» **Try it**
Please give the lines below again exactly as they stand, from the one that contains "18607 Pelham Grove Ln — Photo 9" up to and including the one that contains "Adidas Yeezy Boost 350 V2 Lundmark review", leaving all pictures out.

» **Dataset content**
----

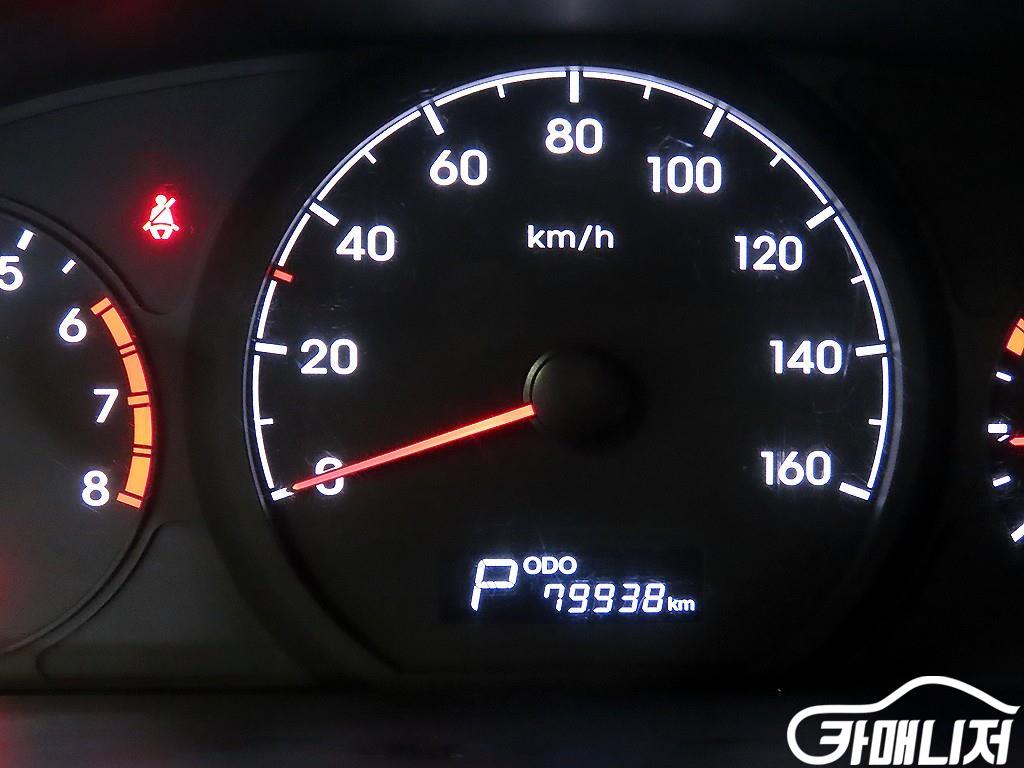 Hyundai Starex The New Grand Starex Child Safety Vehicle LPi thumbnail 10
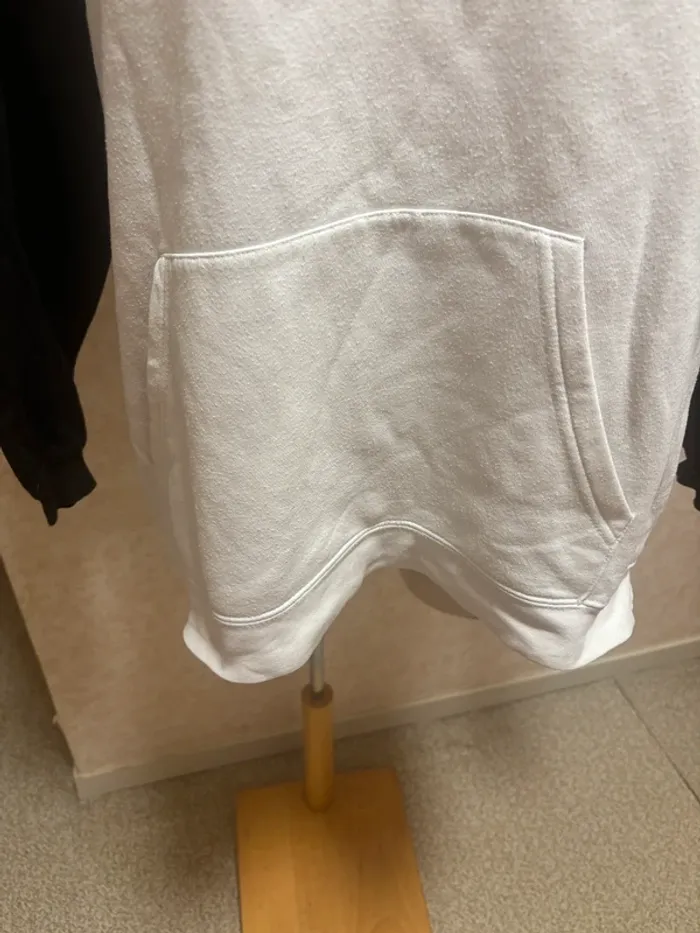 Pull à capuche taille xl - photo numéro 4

----

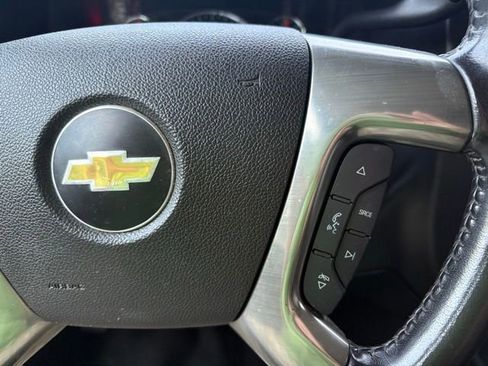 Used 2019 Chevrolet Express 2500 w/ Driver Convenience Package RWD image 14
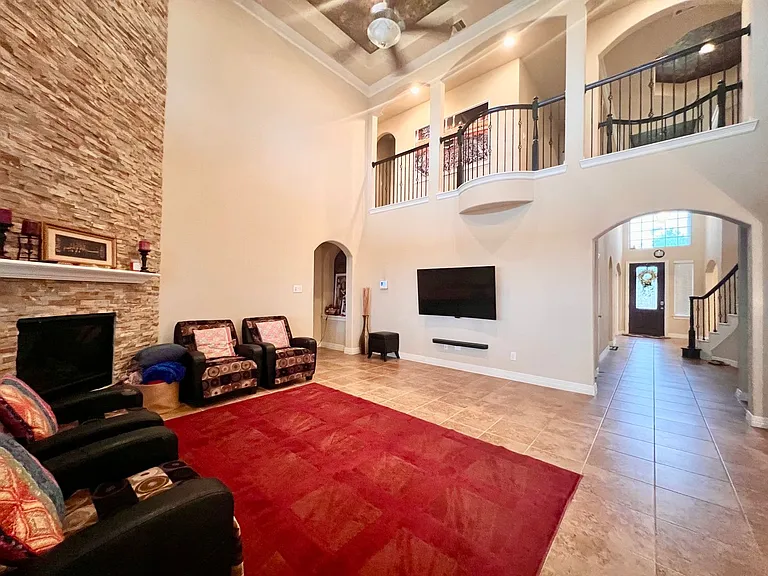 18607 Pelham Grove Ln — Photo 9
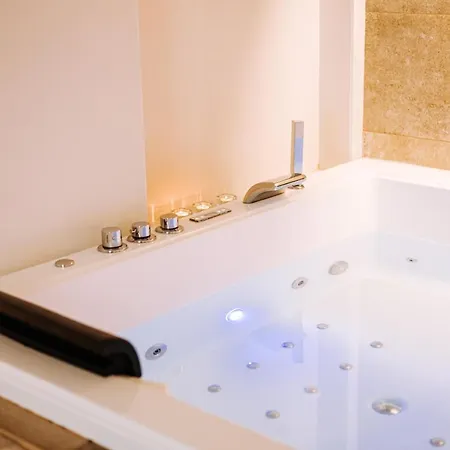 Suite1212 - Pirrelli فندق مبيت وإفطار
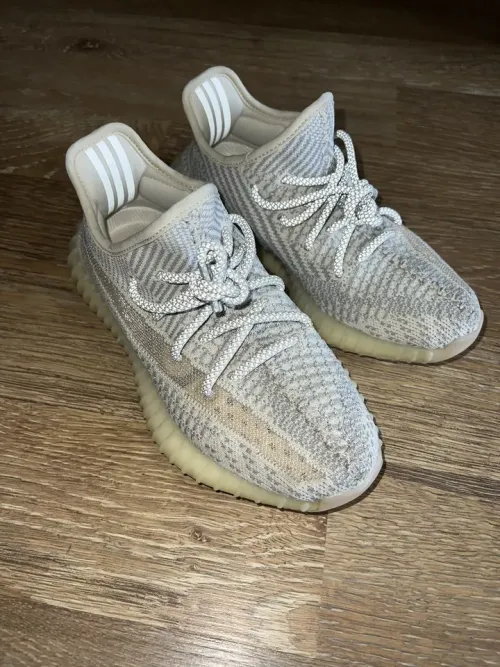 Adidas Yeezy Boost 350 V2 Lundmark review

----

» **Exercise solution**
 18607 Pelham Grove Ln — Photo 9
 Suite1212 - Pirrelli فندق مبيت وإفطار
 Adidas Yeezy Boost 350 V2 Lundmark review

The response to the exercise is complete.